30 ihrer Fotografien präsentiert Kraemer, eine der angesagtesten Fotografinnen Deutschlands, in der Ausstellung „In gutem Glauben – Religiöse Vielfalt im Ruhrgebiet“. Eröffnet wurde sie in der Lünener Stadtkirche St. Georg am 15. September. Kraemers Bilder zeigen Buddhisten in Bochum, Hindus in Hamm, Orthodoxe in Oberhausen. Zusammen mit den Christen beider Konfessionen, Juden und Muslimen, Hindus und Sikhs geben sie einen Einblick in das, was uns regional eigentlich ganz nahe, „aber doch fremd ist“, so Pfarrer Rüdiger Holthoff bei der Ausstellungseröffnung. Die Fotografien zeigen Menschen, die ihren Glauben leben, der jedoch ein anderer Glaube ist als unserer.
Darf man eigentlich eine solche Ausstellung in einer christlichen Kirche zeigen? ist Holthoff gefragt worden. Und er antwortet bestimmt: „Ja, man darf.“ Denn man solle die Religion anderer respektieren und zur Toleranz auffordern. Die Ausstellung ist deshalb auch ein Bestandteil des Jahresthemas der Evangelischen Kirche „gottesfarben – für Toleranz und Vielfalt“. Über diese Vielfalt freute sich Superintendent Winfried Moselewski . In seinem Grußwort erinnerte er daran, dass „unsere religiöse Tradition nicht gerade von Toleranz geprägt ist.“ Umso begrüßenswerter sei es, dass heute die Vielfalt dazu gehöre.
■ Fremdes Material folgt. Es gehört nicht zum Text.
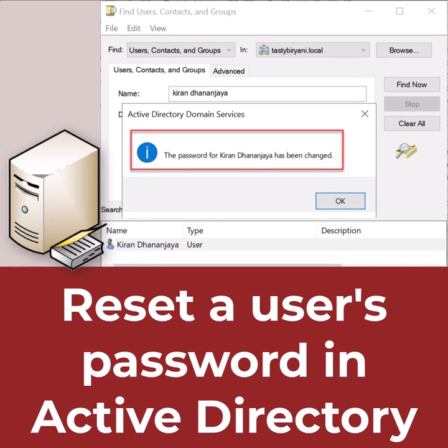This is how you would reset a user's password in Active Directory using Active Directory Users and Computers. I hope you like this video. For more videos like these, please subscribe to my channel.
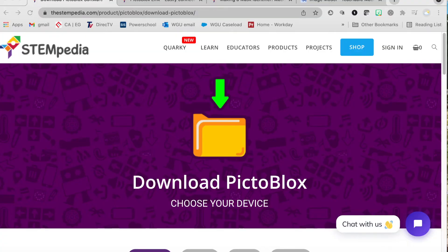Jackie Gerstein here, and this is just a quick tutorial on how to use the PictoBlocks software, which is like Scratch, plus Google's Teachable Machine, which is a form — a subcategory — of artificial intelligence, and the microbit microcontroller to create an interactive microPAL.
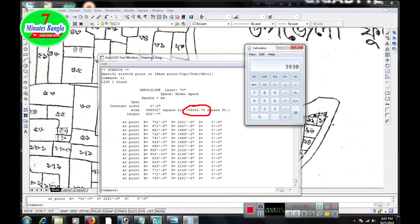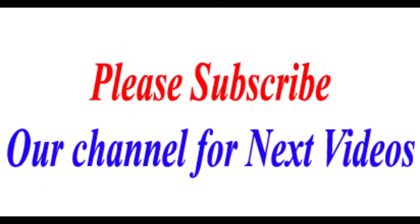With the plot selected, type 'LI' on the keyboard and press Enter. The result shows the area as 39,305.74 square feet. We divide this by 435.6 because 435.6 square feet equals 1 decimal. The result is 90.2335 — meaning approximately 90 decimal. Viewers, we finally got our result: 90 decimal. If you think this video helped you, please subscribe to our channel and like, comment, and share. Thanks to all for watching. Bye bye, peace be upon you.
Die Fotografien von Kraemer entfalten ihre Wirkung auf die Betrachter, weil sie nicht gestellt sind. „Augen und Ohren offenzuhalten“, so Kraemer, sei für sie wichtig gewesen, um die Vielfalt des Themas festzuhalten. Dabei ist es ihr gelungen, auch intime Glaubenssituationen festzuhalten. „Ich versuche deshalb, diskret und ruhig zu sein.“ Ihre Bilder sind das Ergebnis ihrer Beobachtung, nicht des Arrangierens, Hinzufügens oder Weglassens. So gelingt es ihr, das Unbekannte vor der eigenen Haustür wahrzunehmen.